A fundamental problem in distributed networks is finding consensus in the presence of faulty or defective processes. A dependable system must manage the failure of one or more of its components when it either permanently crashes, repeatedly boots-up and shuts-down, or behaves byzantine, meaning damaging in the worst possible way. For example, nodes may deliberately and maliciously misrepresent or contradict information or disseminate information to make it impossible to unify the network. This problem is described in the literature as the “problem of the Byzantine Generals”. It occurs specifically in the case of Bitcoin when the entire network needs to agree on the secure and irreversible validity of transactions, i.e. when it needs to decide which blocks are the generally accepted ones.
The problem of the Byzantine Generals can be described as follows: A number of generals position their armies outside a besieged city they want to conquer, and they need to choose the time of their attack. They know that they can only be victorious if at least half of them attack at the same time. But if they don’t coordinate the time of the attack well, they are outnumbered and will lose the fight. They also suspect that some of the generals are disloyal and will send out fake messages regarding the time of the attack. And since the generals can only communicate with each other via messengers on horseback, they have no way of verifying the authenticity of a message. So we ask ourselves, how can consensus regarding the timing of the attack be reached in these circumstances, despite the lack of trust and without a central governance entity.
Prior to Bitcoin, this problem was considered perhaps impossible to solve. Computer scientists declared in 1982 that the generals’ problem can at most be reduced to a “commander and lieutenant” problem, in which all lieutenants must act in accordance with the commander’s orders, as long as they are loyal. They have shown that the problem can only have a solution if more than two-thirds of the generals are loyal.[1]
Bitcoin seeks to provide a universal solution to the problem, through which the loyalty of more than 50% of the computing capacity is enough to reach consensus. In this case, disagreement is temporarily accepted and the solution to conflicting opinions is determined by majority vote. In other words, consensus is reached because computing resources are scarce and because one’s own performance is used as a vote. This makes it possible to build applications in a decentralised way, which would not have been possible earlier without a central controller. For this reason, the technology behind the Bitcoin protocol — the blockchain and distributed consensus — is increasingly used in other areas too, not only in transaction verification.

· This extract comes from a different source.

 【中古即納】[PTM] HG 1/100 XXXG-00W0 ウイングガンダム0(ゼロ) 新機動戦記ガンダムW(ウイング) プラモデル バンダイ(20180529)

Going back to our example, if we regard the generals as an analogy to the individual mining nodes of the Bitcoin network, then the solution offered by Bitcoin looks like this: At any time, any general may announce an attack time. The attack time that is first heard is considered the official plan. However, the transmission of a message is not immediate, which is why different generals can hear different plans first. Therefore, once a general receives a plan, he must solve a difficult mathematical problem based on that plan — a task which preferably lasts multiple minutes on average. As soon as one of them finds a solution, he adds it to the plan, thus generating a new plan. He sends the new plan to the other generals. After that, everyone who hears it begins to expand on this new official plan, which should again take multiple minutes.
Every general is working on the most frequently expanded plan known to him, in order to extend the longest living solution that he has heard until then. After a solution has been expanded multiple times, the attack time contained in the longest chain of calculations (e.g. in the longest plan) is considered to be the true attack time, because it necessarily required more than half of the calculation capacity of all the generals to create it. Put differently, the mere existence of this longest block-chain is proof that the majority of generals (over 50%) were involved in its creation. No attacker with less than half the computing power could have produced another chain of similar length during the same time. This scheme is called “proof-of-work” and the resulting hash-tree structure of the blockchain is shown schematically below.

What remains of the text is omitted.